Jan. 20, 2013 ? Minerals found in the subsurface of Mars, a zone of more than three miles below ground, make for the strongest evidence yet that the red planet may have supported life, according to research "Groundwater activity on Mars and implications for a deep biosphere," published in Nature Geoscience on January 20, 2013.

Up to half of all life on Earth consists of simple microorganisms hidden in rocks beneath the surface and for some time, scientists have suggested that the same may be true for Mars. Now this theory has been supported by new research, which suggests that the ingredients for life have been present in the Martian subsurface for much of the planet's history.

When meteorites strike the surface of Mars, they act like natural probes, bringing up rocks from far beneath the surface. Recent research has shown that many of the rocks brought up from the Martian subsurface contain clays and minerals whose chemical make-up has been altered by water, an essential element to support life. Some deep craters on Mars also acted as basins where groundwater likely emerged to produce lakes.

McLaughlin Crater, described in this study, is one such basin that contains clay and carbonate minerals formed in an ancient lake on Mars. The fluids that formed these minerals could carry clues to as to whether the subsurface contained life.

"We don't know how life on Earth formed but it is conceivable that it originated underground, protected from harsh surface conditions that existed on early Earth. Due to plate tectonics, however, the early geological record of Earth is poorly preserved so we may never know what processes led to life's origin and early evolution," said Dr Joseph Michalski, lead author and planetary geologist at the Natural History Museum in London. "Exploring these rocks on Mars, where the ancient geologic record is better preserved than on Earth, would be like finding a stack of pages that have been ripped out of Earth's geological history book.
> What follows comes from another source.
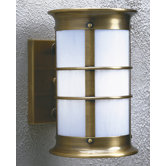 Newport Outdoor Wall Lantern
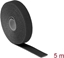 Picture of Delock Hook-and-loop tape on roll L 5 m x W 20 mm black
Whether the Martian geologic record contains life or not, analysis of these types of rocks would certainly teach us a tremendous amount about early chemical processes in the solar system."
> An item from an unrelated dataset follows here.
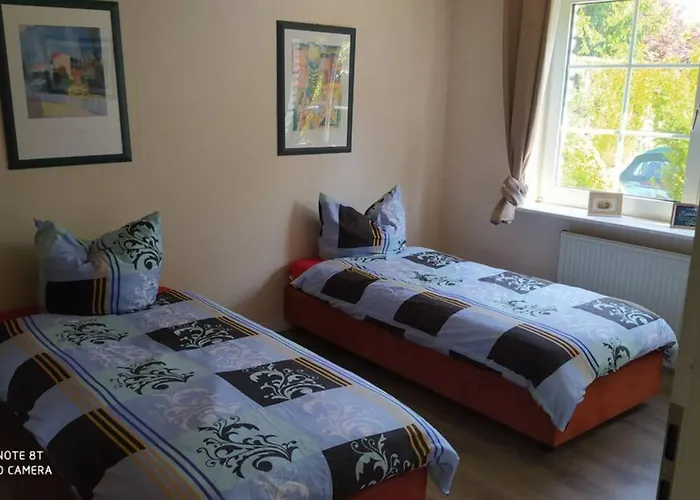 Grosse Mit Sauna Kamin Terrasse Auf 110 Qm Apartamento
Co-author Deanne Rogers, Assistant Professor in the Department of Geosciences at Stony Brook University used data from the Thermal Emission Spectrometer aboard NASA's Mars Global Surveyor and the Thermal Emission Imaging System aboard the Mars Odyssey orbiter to detect and identify minerals that proved to be consistent with a sustained aqueous environment on the floor of the McLaughlin Crater.
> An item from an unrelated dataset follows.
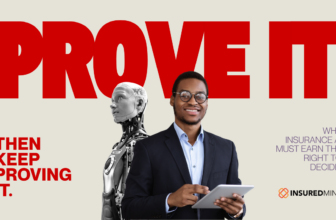 Prove it. Keep Proving it.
"Our understanding of Mars is changing very rapidly with all of the new mission data," said Professor Rogers. "There have been several recent observations and models that have pointed to the possibility of a vast store of groundwater in the Martian past, and perhaps present. So you might expect that deep basins such as McLaughlin, which intersect the upwelling groundwater table, would contain evidence of this water. And this study found that evidence."

Current exploration of Mars focuses on investigating surface processes because sedimentary rocks are most likely to provide the best chance evidence for habitability. Evidence suggests, however, that the Martian surface environment has been quite inhospitable to life for billions of years. In future missions, scientists could choose to target rocks related to the surface or subsurface, or perhaps do both by targeting areas where sedimentary rocks formed from subsurface fluids.

Michalski concludes: 'In this paper, we present a strong case for exploring the subsurface, as well as the surface. But I don't personally think we should try to drill into the subsurface to look for ancient life. Instead, we can study rocks that are naturally brought to the surface by meteor impact and search in deep basins where fluids have come to the surface.'

Co-author Professor John Parnell, geochemist at the University of Aberdeen, commented, "This research has demonstrated how studies of Earth and Mars depend on each other. It is what we have observed of microbes living below the continents and oceans of Earth. They allow us to speculate on habitats for past life on Mars, which in turn show us how life on the early Earth could have survived. We know from Earth's history that planets face traumatic conditions such as meteorite bombardment and ice ages, when the survival of life may depend on being well below ground. So it makes sense to search for evidence of life from that subsurface environment, in the geological records of both Earth and Mars. But it's one thing to do that on Earth -- we need to be clever in finding a way to do it on Mars."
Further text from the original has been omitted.